Alicia lo guardò. Poteva avvertire il dolore dietro ogni risata forzata, ogni sorriso, ogni parola.
 
Sua madre era morta. Andata. Per sempre.
 
Anche se litigavano costantemente, Alicia non sapeva cosa avrebbe fatto se sua madre fosse scomparsa dalla sua vita come Liza aveva fatto con Chris.
 
Ignorando lo stupido fratello, che sembrava abbastanza felice nonostante l’incubo che stavano vivendo, Alicia si alzò dal lettino e uscì dalla cabina.
 
Fuori, il sole splendeva .
 
Sua madre e Travis stavano parlando, ma quando lei mise piede in coperta si interruppero e alzarono lo sguardo.
 
“Cosa c’è?” chiese, sapendo dall’espressione sul viso di sua madre che qualcosa non andava.
 
Madison sospirò. Non sarebbe stata in grado di nascondere a sua figlia la notizia. In ogni caso lo avrebbe scoperto presto.
 
“Abbiamo quasi finito le provviste.” spiegò. “Dobbiamo fermarci in qualche posto e andare alla ricerca di cibo.”
 
Alicia non era sorpresa. In qualche modo se l‘era aspettato. Le provviste non erano destinate a durare per sempre, quando si era un gruppo di persone che vive su una barca in mezzo all’oceano. Scrollò le spalle, prendendo l’iPod dalla tasca del suo giubbino.
 
“Okay.”
 
 
Dopo colazione, Alicia piantò una scenata in pieno stile adolescenziale.
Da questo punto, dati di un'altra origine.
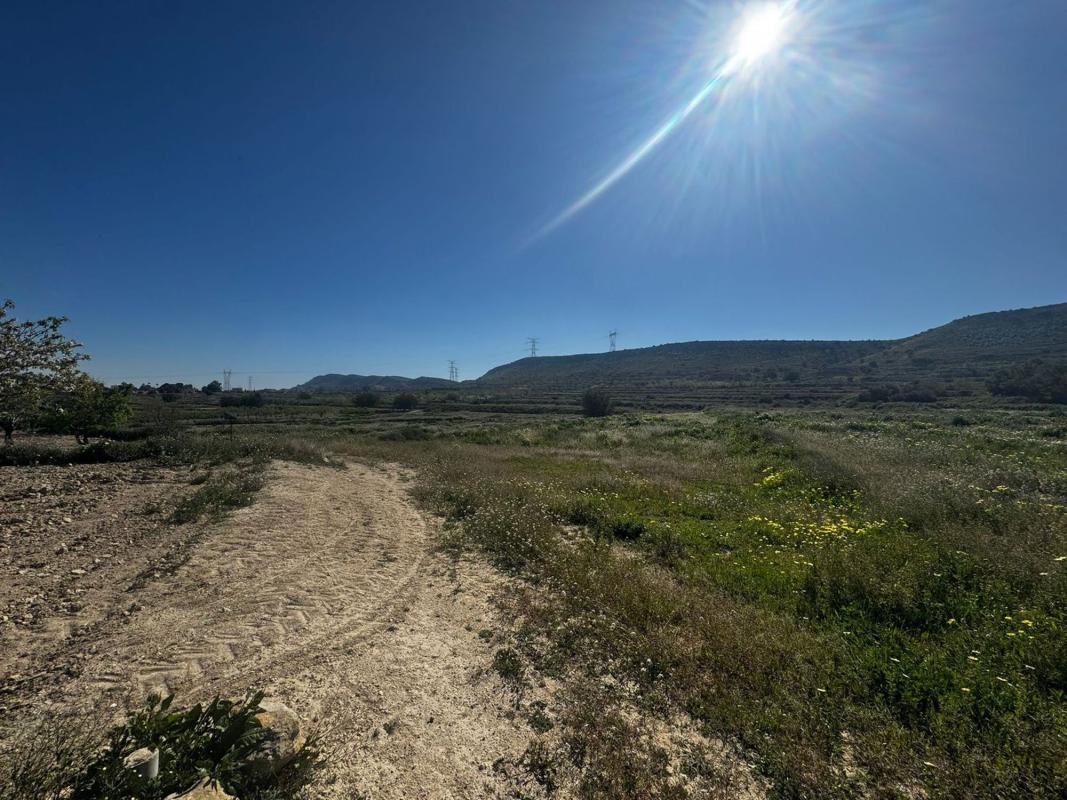 Terreno en venta en Elche / Elx, Alicante photo 4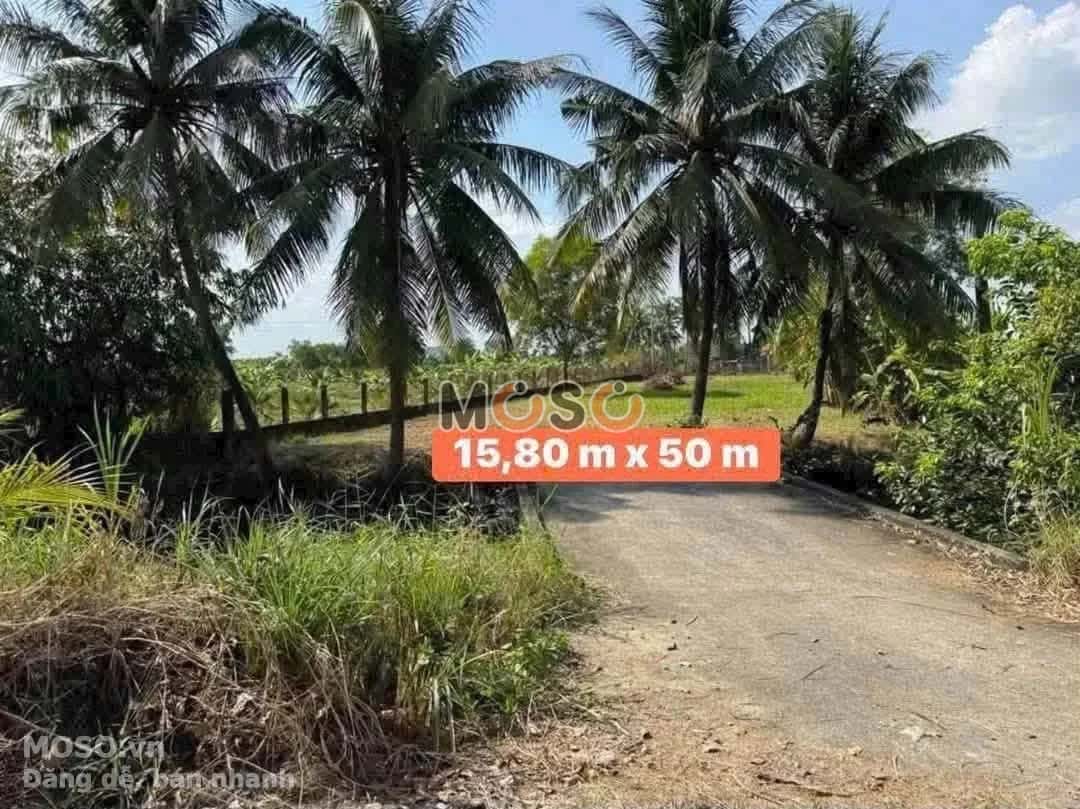 Bán đất Đỗ Văn Giàu Thành phố Tân An, Long An – giá 4.8 tỷ - ảnh 2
Era stufa di essere relegata su quella maledetta barca. Le mancava sentire il terreno sotto i piedi. Aveva sempre odiato viaggiare per quel motivo. Odiava gli aerei – troppo distanti da terra – e allo stesso modo odiava le imbarcazioni.
 
Per Madison non fu una sorpresa vedere sua figlia reagire in quel modo, quando provarono a farla rimanere sulla barca.
 
Alla fine, Alicia ebbe la meglio nella discussione.
 
Vinceva sempre le sue discussioni.
 
Era quasi come se non si potesse dirle di no, come se in realtà fosse lei a comandare.
 
Madison odiava questa cosa di sua figlia. Odiava vedere che la sua bambina non aveva più bisogno della sua protezione.
 
*
 
Nel momento in cui Alicia mise piede fuori dalla barca, sospirò. Era bello tornare sulla terra.
 
Travis andò con lei verso il centro città, mentre Nick e Chris rimasero sulla riva, a controllare la barca.
 
Non potevano certo permettere che qualche zombie si appropriasse dell’unico modo per tornare allo yacht.
 
Travis tentò di iniziare una conversazione, ma Alicia si limitò a guardarlo, prima di indossare le cuffiette.
 
Dopo circa dieci minuti di cieco vagare, trovarono un Walmart.
 
Travis le infilò fra le mani una pistola, ed Alicia fece del suo meglio per nascondere un brivido. Non voleva una pistola. Le pistole rappresentavano tutto ciò contro cui lei aveva combattuto negli ultimi due anni della sua vita.
 
Quando Travis le disse di restare dov’era, annuì e spense l’iPod. Doveva essere in grado di sentire qualsiasi rumore sospetto.
 
Travis si avventurò all’interno del Walmart deserto mentre la ragazza prendeva posto, seduta sul marciapiede. Appoggiò con attenzione la pistola accanto a lei, fissando intensamente l’arma.
 
Fu allora che le sembrò di
 
percepirlo
 
udirlo.
 
La sua testa scattò all‘insù. Si voltò, controllando l’interno del Walmart, dove vide Travis che raccoglieva delle scatolette di cibo e altre provviste. Sembrava che l’uomo non avesse sentito l’urlo.
 
Alicia sospirò e si alzò lentamente in piedi.
 
E lo sentì di nuovo.
 
Prima che potesse fermarsi, a pensare a ciò che stava facendo, aveva preso a correre. Correre verso la voce.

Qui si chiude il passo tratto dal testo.